And it is not just the fourth round of rate cut that would bring down your EMIs and stimulate the consumer market. RBI has also reduced the money that banks have to set aside (risk weights) while giving a loan from 125% to 100%. This is set to free up about Rs 22,000 crore for additional lending in the retail sector, according to estimates from the economic wing of the State Bank of India (SBI).

Consumer credit is about 25% of the gross bank credit. According to the latest RBI data, gross bank credit stood at Rs 85 lakh crore.

Just after the RBI lowered interest rates, SBI, the country's largest lender, cut its one-year lending rate, to which most of its loans are pegged, by 0.15% to 8.25%. While new customers are going to get new lower rates effective August 10, the old customers will get this benefit when the loan comes up for reset.

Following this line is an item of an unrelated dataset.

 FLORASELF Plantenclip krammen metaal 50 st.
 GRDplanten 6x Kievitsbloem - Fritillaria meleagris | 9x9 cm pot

SBI's new repo-linked home loans will be at 8.04%. The bank has sanctioned Rs 400 crore under its repo-linked home loans since its launch on July 1, 2019. HDFC Bank cut its lending rate by 0.10% a day before the RBI policy while anticipating a lowering down in policy rates.

SBI chairman Rajnish Kumar said, "The RBI's decision to cut repo rates by an unconventional 35 basis points is perhaps a recognition that the monetary policy works best with unanticipated surprises to market. The RBI has unveiled a host of bazooka measures to arrest the recent growth pangs even as it has marginally lowered its growth forecast for FY20." Meanwhile, SBI has decided to cut repo-linked lending rate by 0.35% and MCLR by 0.15% effective August 10.

On being asked about a faster reduction in rates by banks, RBI governor Shaktikanta Das said: "Monetary rate impulses have been transmitted fully through the financial markets. Weighted average call money rate declined by 78 bps, market repo rate is down by 73 bps and 10-year benchmark yield is down 102 bps. But banks have only transmitted 29 bps between February and June on fresh rupee loans."

"In my interactions with banks, they have indicated that they are progressively taking steps to lower their interest rates so that the benefits of policy rate cuts are reflected," Das said addressing the media after announcing the third bi-monthly monetary policy for 2019-20. "We expect higher transmission of policy rates by banks in the coming weeks," he said.

RBI has so far cut policy rates by 110 basis points and changed its stance to accommodative. But banks have claimed that the repo rate is only a fraction of their cost. The prime cost is the retail term deposits which are competing with the small savings rate at 8-8.5%. However, with the banking system flushed with liquidity and bank credit growth yet to pick up, a lowering of deposit rates has started taking place across banks.

RBI expects the credit flow to improve soon. "It is for banks to decide who they lend to. RBI is creating an enabling environment for banks to improve credit flow. I expect credit flow to pick up soon," Das said. "Banks are coming out of a continuous NPA cycle. They have faced losses for consecutive quarters so credit will pick up in the coming weeks and months."